Arguably, you are already using the best water based ink available; Enviroline is Matsui ink.

Aerotex is a little more difficult to work with due to the catalyst that has to be added to the ink. Catalyst has to be precisely measured and once mixed has a very short shelf life. 

Tell us how you are curing the Matsui inks; time, temperature and heat method. Cured correctly, the ink will not rub off in the wash.


----------



## tdh646 (Jan 28, 2009)

splathead said:


> Arguably, you are already using the best water based ink available; Enviroline is Matsui ink.
> 
> Aerotex is a little more difficult to work with due to the catalyst that has to be added to the ink. Catalyst has to be precisely measured and once mixed has a very short shelf life.
> 
> Tell us how you are curing the Matsui inks; time, temperature and heat method. Cured correctly, the ink will not rub off in the wash.


Hi Joe,

I posted a picture just now here:

http://www.t-shirtforums.com/screen-printing/t85841.html

I'm curing with my gas oven at 360 for 2-3 minutes, sometimes doing it 2-3 times. It gets pretty hot, almost ready to burn so I'm assuming it's more than cured. I think it might be the canvas I am printing on. I don't think it holds the ink well. Take a look at the picture and tell me what you think. Thanks again for the help!

T


----------



## splathead (Dec 4, 2005)

1. Are you sure the canvas is cotton and not poly? Matsui does not work on poly. If it is cotton, is it coated?

2. When you say gas oven, do you mean a cooking oven? Water based inks really need air flow to cure properly. Try baking, er curing one with a heat gun instead and see if you still have the same issue.


----------



## tdh646 (Jan 28, 2009)

splathead said:


> 1. Are you sure the canvas is cotton and not poly? Matsui does not work on poly. If it is cotton, is it coated?
> 
> 2. When you say gas oven, do you mean a cooking oven? Water based inks really need air flow to cure properly. Try baking, er curing one with a heat gun instead and see if you still have the same issue.



It's 100% cotton, I burned a piece and it ashes instead of melting.
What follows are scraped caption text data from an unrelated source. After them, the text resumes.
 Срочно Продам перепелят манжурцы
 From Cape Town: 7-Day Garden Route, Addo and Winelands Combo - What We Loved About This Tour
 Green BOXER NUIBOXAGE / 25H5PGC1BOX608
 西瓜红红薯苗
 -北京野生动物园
I don't think it's coated, I prewashed it prior to printing and it soaks up water. 

Yes, a cooking oven, there is a fan inside that does suck some air out. When I "bake it", ink rises from the ink and it's pretty hot for a couple of minutes. 
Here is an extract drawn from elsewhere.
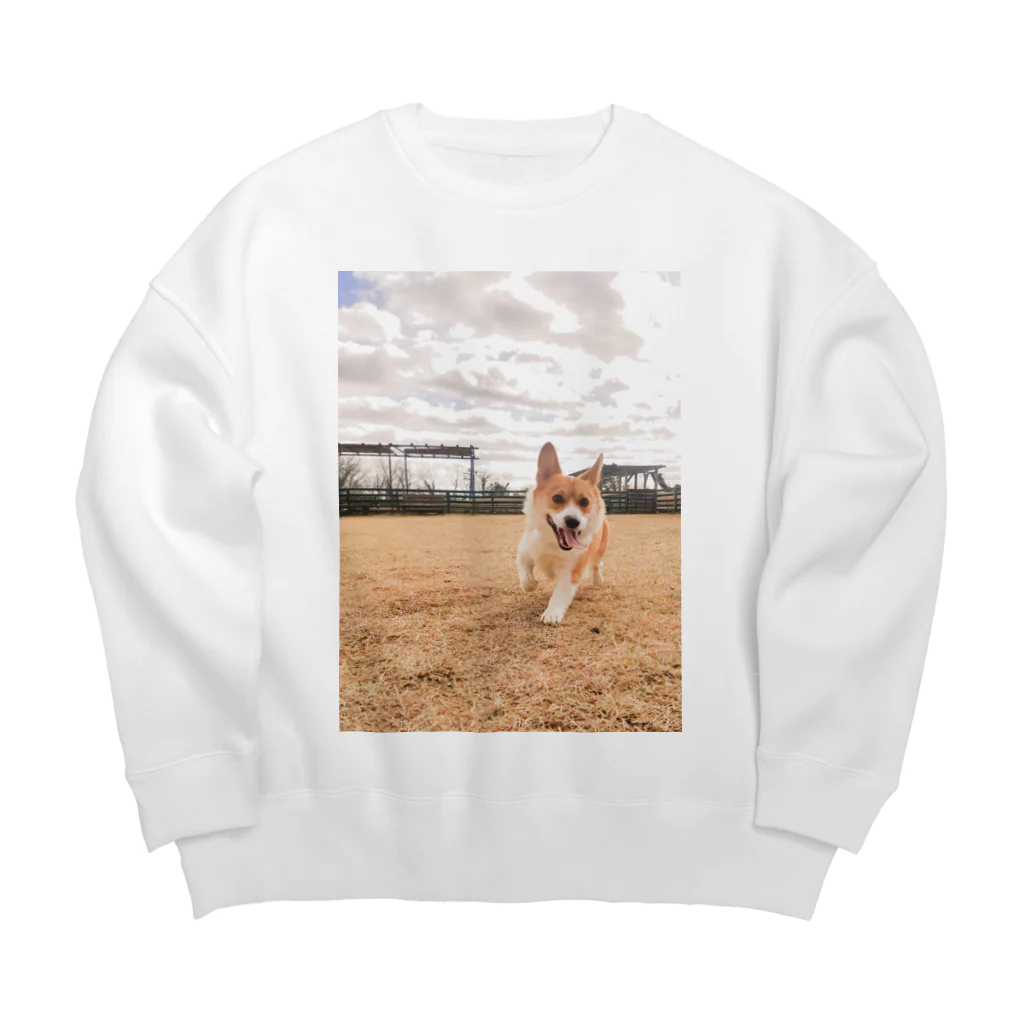 脚長コーギーの脚長コーギーむぎくん Big Crew Neck Sweatshirt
I think it's just the nature of the fabric. I'm going to try other fabrics and inks to see what happens.


----------



## tdigital (Sep 14, 2008)

You more than likely don't have enough air flow. Do what was suggested with the hot air gun and be sure and report back for others that may have the same issue.


----------



## tdh646 (Jan 28, 2009)

tdigital said:


> You more than likely don't have enough air flow. Do what was suggested with the hot air gun and be sure and report back for others that may have the same issue.


THanks, will do, but can you explain why I need air flow? I mean the ink is hot and steaming, wouldn't this suffice?


----------



## tdigital (Sep 14, 2008)

tdh646 said:


> THanks, will do, but can you explain why I need air flow? I mean the ink is hot and steaming, wouldn't this suffice?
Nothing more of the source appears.